For decades, the S&P 500 has reigned supreme as the go-to benchmark for U.S. equity performance. It’s the default yardstick for measuring “the market,” the foundation of countless index funds, and the answer to “how’s the market doing?” on any given day.

 

 

But as markets evolve and concentration risk grows, it’s fair to ask: Is the S&P 500 still the best benchmark for investors?

The Rise (and Rise) of Mega-Caps

Let’s start with the elephant—or rather, the seven elephants—in the room. As of early 2025, just a handful of mega-cap tech companies make up over 30% of the S&P 500. These “Magnificent Seven” have had an outsized influence on market performance, often dragging the index up or down almost single-handedly.
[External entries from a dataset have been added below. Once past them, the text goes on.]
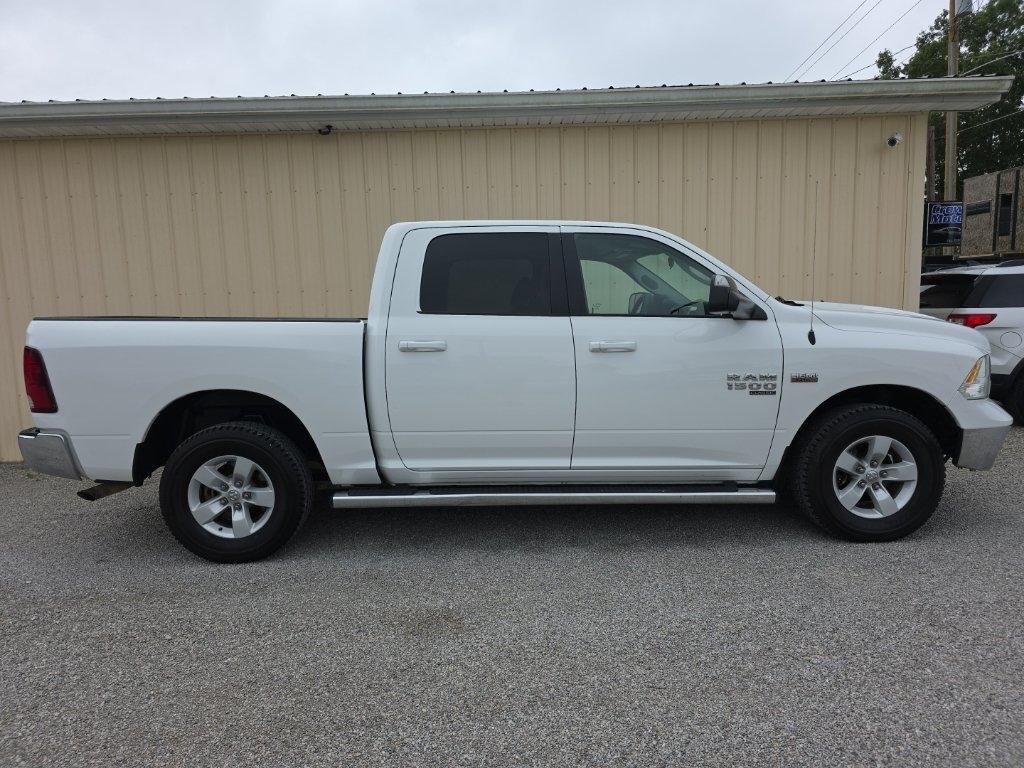 RAM 1500 Classic SLT 4x4 Crew Cab 5'7" Box 2019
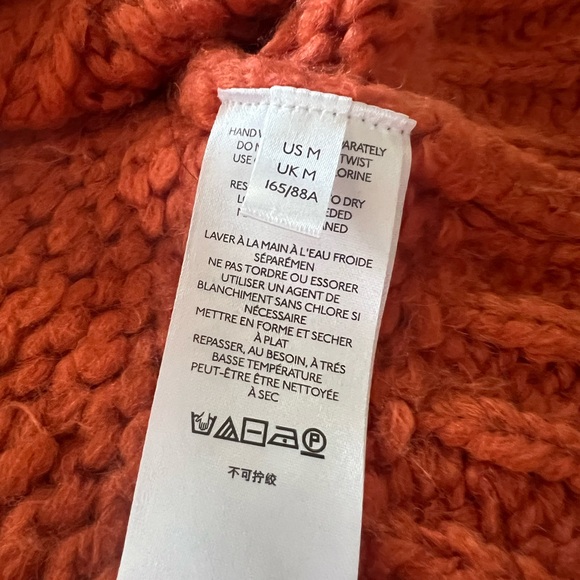 Urban Outfitters women’s size M cropped cardigan - Picture 3 of 5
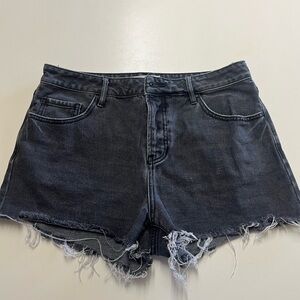 PacSun Los Angeles black Jean cutoffs size 29 in good condition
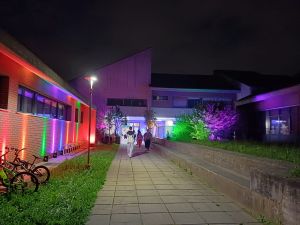 luci pareti esterne edificio per eventi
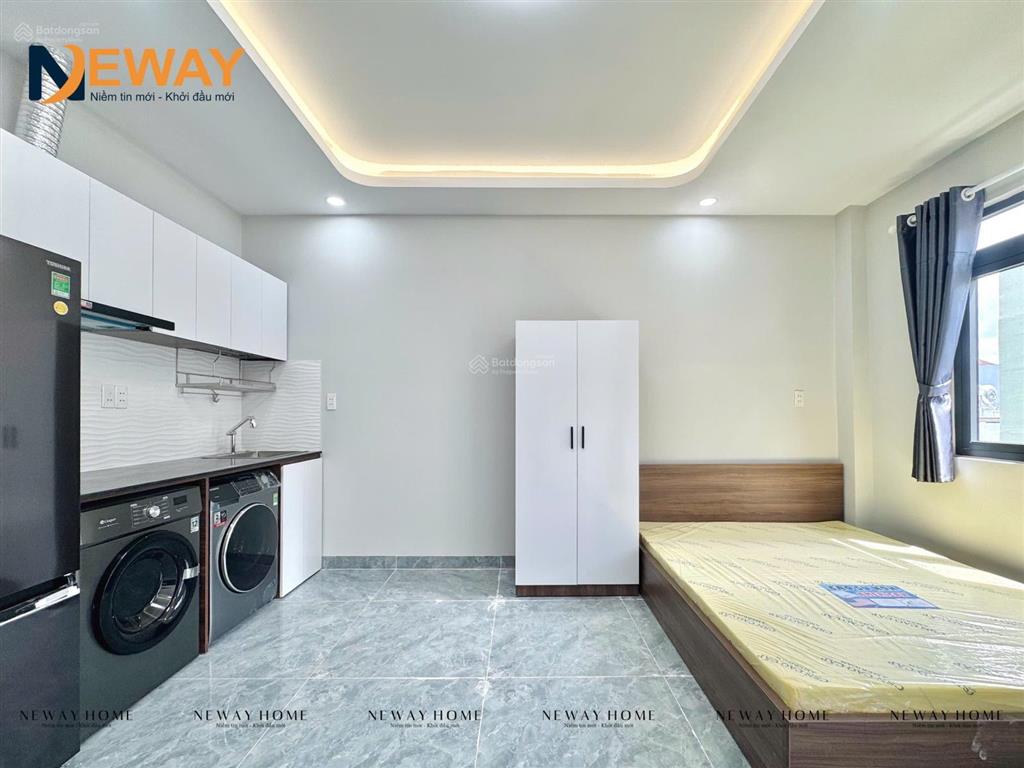 Căn hộ dịch vụ ban công mới xây  full nội thất ngay lạc long quân quận 10 quận 11
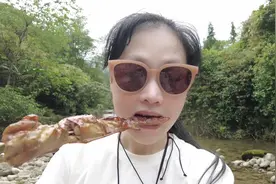 去年去新疆旅游买的大僵口袋相机，只在新疆用过一下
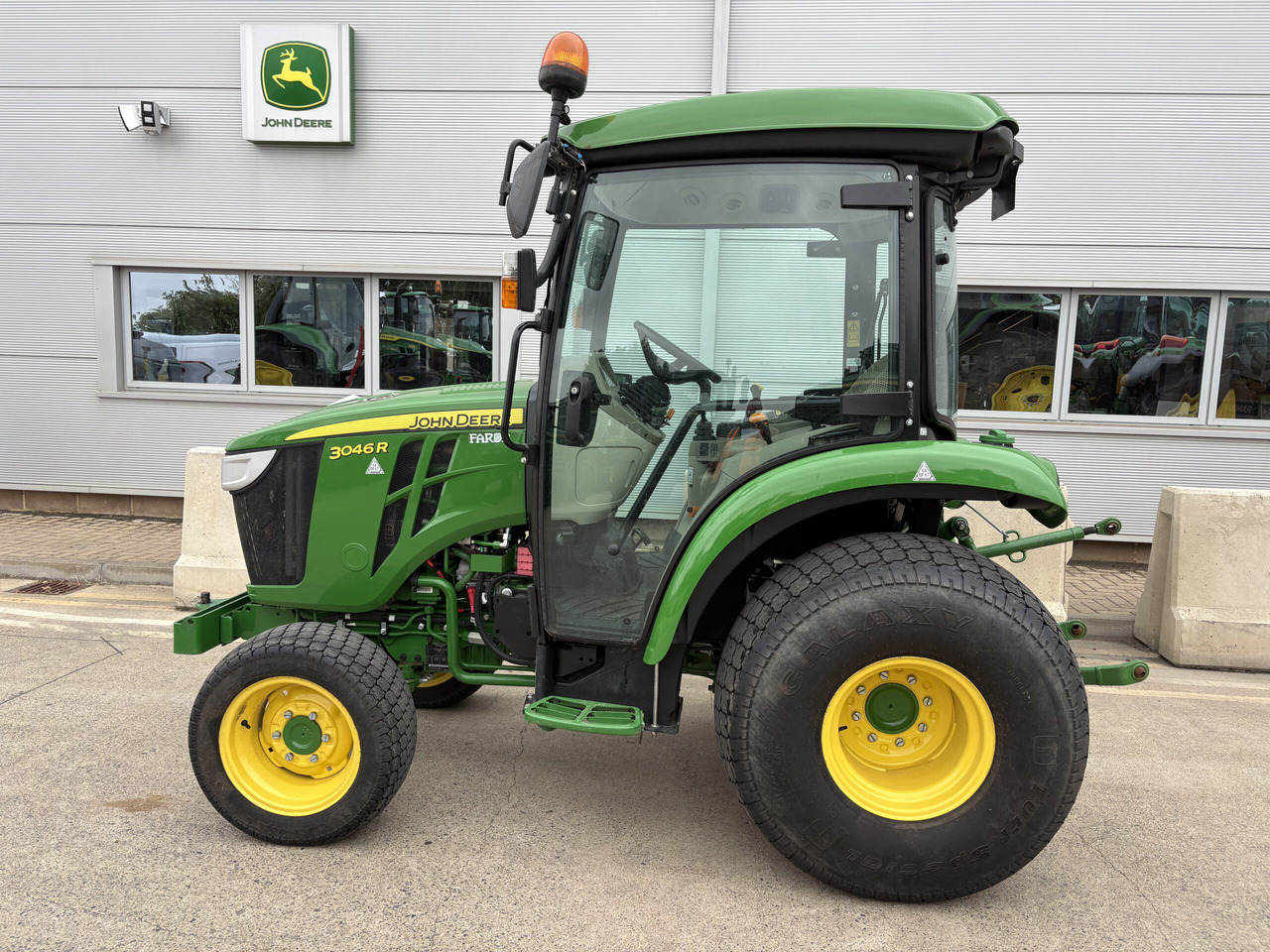John Deere 3046R Compact Tractor - Compact tractor: picture 1 John Deere 3046R Compact Tractor - Compact tractor: picture 1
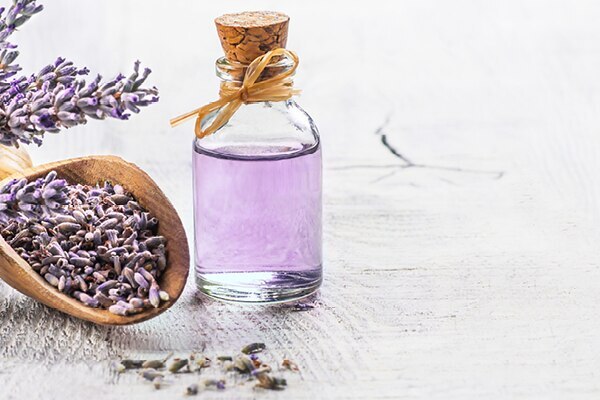 #9 Oil for hair thickening: Castor oil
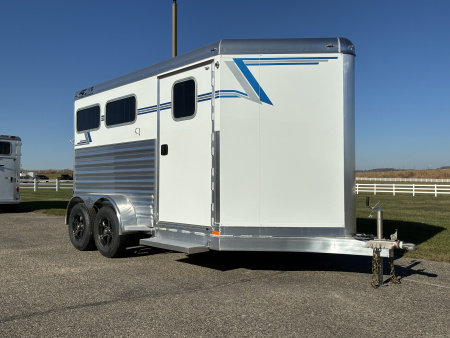New 2026 4-Star 2 Horse Slant Load Horse Trailer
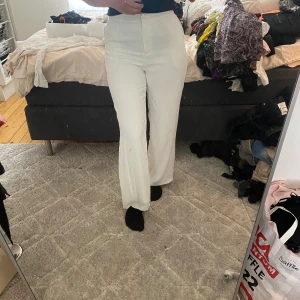 Kostymbyxor  - Säljer ett par vita kostymbyxor i bra skick. Storlek 38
This kind of concentration might not be obvious at first glance. The name “S&P 500” suggests a broad, diversified slice of the U.S. economy. But, in reality, it’s not 500 companies pulling equal weight—it’s a few giants, and a long tail of smaller players.

For investors using the S&P 500 as their benchmark or portfolio proxy, this means their performance may be potentially tied to the fortunes of a few tech names more than they realize.

The Benchmark vs. the Investor

Benchmarks are supposed to help us evaluate how a portfolio is performing relative to the broader market. But what if the benchmark no longer reflects a truly balanced view of the market?

For investors seeking broad, divesified exposure across sectors and company sizes, the S&P 500 may no longer be a fit. It’s increasingly top-heavy, sector-skewed, and potentially volatile based on just a few headlines.

This opens the door for alternatives—like Stratified ETFs—that aim to rebalance that exposure across sectors and the economic landscape.

A Fresh Take on Equity Exposure

Funds like the Stratified LargeCap Index ETF (SSPY) rethink traditional market cap indexing by avoiding the automatic overweighting of the biggest companies. Instead, they assign weight across sectors and companies, aiming to offer a balanced picture of the U.S. economy.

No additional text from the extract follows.